Observers say the economic situation specific to each of the four islands has tempered the public sentiment toward the dispute.
People on the relatively well-off Etorofu and Kunashiri strongly oppose the islands’ return to Japan, noted Toshihiko Ikura, who heads the Hokkaido city of Nemuro’s Tokyo office.
A large marine products company is a major employer on Etorofu, the wealthiest among the Russian-held islands, Ikura said. The district office and a few factories meanwhile provide jobs on Kunashiri, he added.
“But more people on Shikotan, the poorest of the four, think their standard of living would improve if the islands were returned to Japan,” said Ikura, who has traveled to the islands dozens of times on the visa-free exchange.
According to a joint survey of a combined 300 residents of three of the islands carried out by the Asahi Shimbun and Russia’s ITAR-Tass news agency in 1998, 65 percent of Etorofu residents opposed the islands’ return, compared with 44 percent on Kunashiri and 28 percent on Shikotan.
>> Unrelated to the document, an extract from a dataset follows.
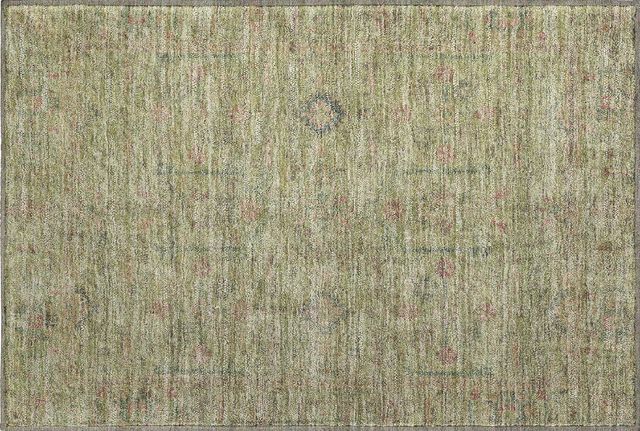 Dalyn™ Rug Company Ravenna RN5 Aloe 5'x8' Area Rug-1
Some 33 percent of Shikotan islanders wanted the island to be jointly managed by Russia and Japan, while another 30 percent hoped Shikotan and the Habomai islets are returned to Japan.
The Asahi-ITAR-Tass survey did not cover the Habomais, where only Russian soldiers live. The islets are the closest of the four islands to Japan.
General sentiment on the islands toward Japan meanwhile appears to have improved as exchanges grew more frequent after the collapse of the Soviet Union.
Tokyo eased restrictions on Russian vessels in 1992, allowing Russian fishermen to call at Nemuro and other ports in Japan for trade. About 20,000 Russian fishermen now visit Nemuro’s Hanasaki port annually.
Japanese who used to live on the islands and their descendents, people involved in the campaign for their return and reporters have been allowed to visit the territories on the visa-free program that started in 1992. Under the program, about 600 Japanese visit the islands and 400 Russian islanders come to Japan on an annual basis.
“People were awkward at first in receiving Japanese when the program started,” recalled Valentin Smorchkov, head of the state-run Japan-Kuril Center. “After all, there had been an Iron Curtain up until then.”
Masayo Yamashita, a Japanese-language teacher who spent the summer on Kunashiri teaching, said the increased exchanges have led to more Russians here becoming interested in Japan.
Schools on Kunashiri, Shikotan and Etorofu began to discuss the territorial row in social studies classes both from Russian and Japanese perspectives. Most islanders were informed of the dispute for the first time after the collapse of the Soviet Union.
But some still know little about the history of the dispute, said Akemi Yasui, who stayed on Kunashiri over the summer with Yamashita.
“A Russian woman in her 50s told me the Japanese left the islands because the Emperor told them to go back to Japan,” she said. “She looked perplexed when I told her that is not true.”